Friday, April 18, 2008

something to think about for friday

a friend of mine sent me this link (registration required) to an AMAZING op-ed in the nytimes.

Quote #1. “If we can’t live in our country and be accepted as free citizens and human beings, then something’s the matter with something — and it isn’t me.”

Quote #2. "To demand truth commissions of other nations, while evading them at home, is unhelpful."

the first quote brings me to an interesting barrage of thoughts. as i think about growing up in the south, i oftentimes remember the older generation that had influences in my life. you know, the individuals that were one generation removed from slavery, the generation that were sharecroppers, the generation that lived through the depression, the generation that had the kkk burn crosses on their lawns, the generation that saw lynchings, the generation that had no police force to call upon for protection, the generation that lived jim crow before it had a name, the generation that gave up their seats on the bus, and the generation that bred the civil rights leaders. they saw and LIVED it all! i don't think that it is enough to say that wisdom comes with only age. wisdom comes with age AND life-changing experiences. in this day and age, we spend so much time with "educating" ourselves and learning big, fancy words, but, so many times it's all empty. this first quote is so eloquently put in its "poor" literary quality and the message so powerful with this combination of words that would get a resume thrown out of the window. i say that to say this, complex does not always mean better. sometimes, the truth in its simplest form is the way to open eyes. after all, if no one understands what you said, how effective can it really be???

as for the second quote, i have heard these sentiments echoed for as long as i can remember now. whether it be animal rights, tree rights, or the rights of people abroad, how can this country CONTINUE to be focused on these matters when there are PEOPLE (yes, they happen to be of color) that do not have all there rights (in the form of equality and true freedom and exempt from racism and prejudice) HERE....AT HOME!?!?!?!?! it makes no sense. i guess the fact that we have the laws to "protect" us from blatant racism, that we should be happy and just sit back and accept the hidden or discrete racism that plagues the entire country. as kanye west summed up america's (and the uk's too for that matter) view in his song "all falls down": "even if you in a benz, you still a n*gga in a coupe"!!! white america should be GRATEFUL that obama is the black man about to win the presidential election. cuz, if it was me or some other black men about to be the strongest man in the country, white folks would be in some serious trouble!

that's enough thought for the morning. maybe i will have more before i leave the office today.

1 Comments:

Blogger Francis L. Holland Blog said...

Blacks have conditioned whites to believe that "racism" is bad, but "hidden racism" is less bad. The fact is that ALL antagonistic color-aroused ideation, emotion and behavior is suspect and potentially corrosive to individuals, relationships and society.

"Racism" is systemic color-aroused denigration, subjugation, exploitation based on skin-color and ethnicity, right? So, if it's not demonstrably systemic, like a white person calling a stranger the
"N" word on the street, then that's NOT as bad as "racism" because it's not systemic, right?
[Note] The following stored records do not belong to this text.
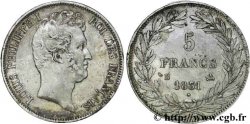 5 francs type Tiolier avec le I, tranche en creux 1831 Rouen F.315/15
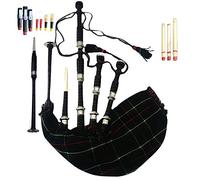 TC Scottish Great Highland - Gaita de palisandro, color plateado, con guía de gaita y accesorios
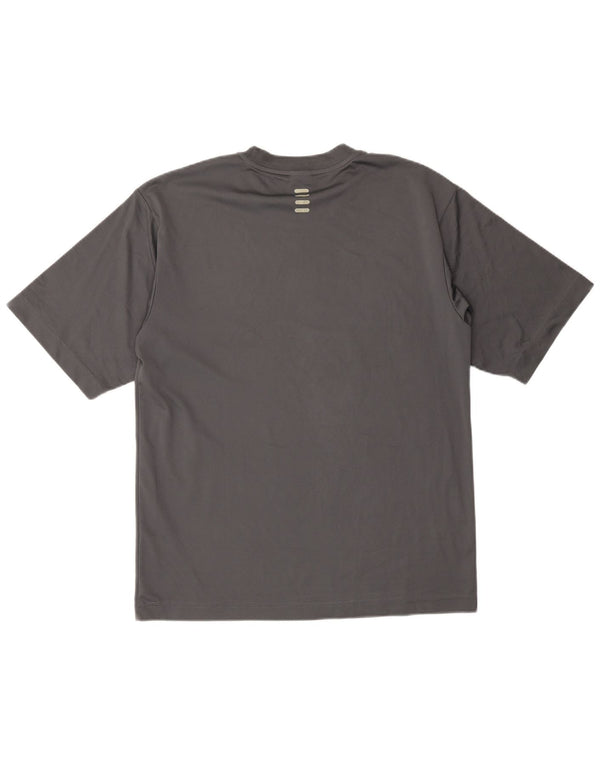 Maglietta Fila da uomo Top Small in poliestere grigio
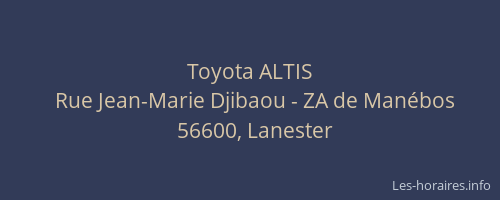 Toyota ALTIS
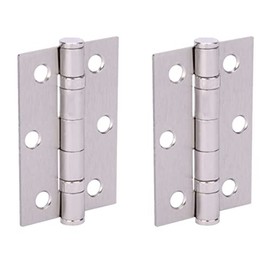 HANDLEZONE® Door Hinges 1 Pair 76mm / 3 inch Ball Bearing, with Screws - Satin Nickel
It is entirely possible for a public act to be blatantly color-aroused and therefore suspect to most people without the same act being obviously "racist" to those same people. And so when you try to convince people that everything must be "racist" before it rises to the level of "blatancy" that requires action, YOU, YOU are setting the bar so high that you will, most times, be unable to convince others that there is sufficient cause for action.

It is obvious that Geraldine Ferraro's comments about Barack Obama were aroused by the color of Barack Obama's skin. They explicitly referenced the color of Barack Obama's skin as the basis for their rationale. So, the remarks were color-aroused. However, they are only "racist" if they were unjustified, right? So, if a person believes that they were partly justified, that person has to reject your argument that the remarks were racist. Certainly, the person cannot form an opinion as to whether the remarks were "racist" until the determine whether the remarks were justified.

Well, what if criminal law worked on the same principle, particularly hate laws? Certainly the defendant called the victim, a stranger, the "N" word just before the stranger shot the victim. That's enough for a hate crime conviction, because the defendant's verbal acts specifically referenced the victim's skin color in the act of committing the crime.

But, what if the standard were higher? What if, in addition to proving that the "N" word was used, you had to prove that this particular use of the "N" word was "racist"? Well, then you'd have to have expert testimony on the definition of "racism" and on the fact that "racism" motivated this use of the "N" word.

Would that reduce the likelihood that anyone would be convicted under hate crime statutes? You bet it would! Criminal laws have to be sufficiently clear to let the defendant know what is forbidden. Is the term "racism" sufficiently clearly to enough of society that forbidding "racism" would forbid all "racist behavior"? Of course not! That's what we spend so much time arguing about!

Criminal law makes simple evidence of color-aroused anger sufficient to increase the penalty applied. Change the burden of proof to "racism" and thousands of people would go free who would otherwise have been convicted.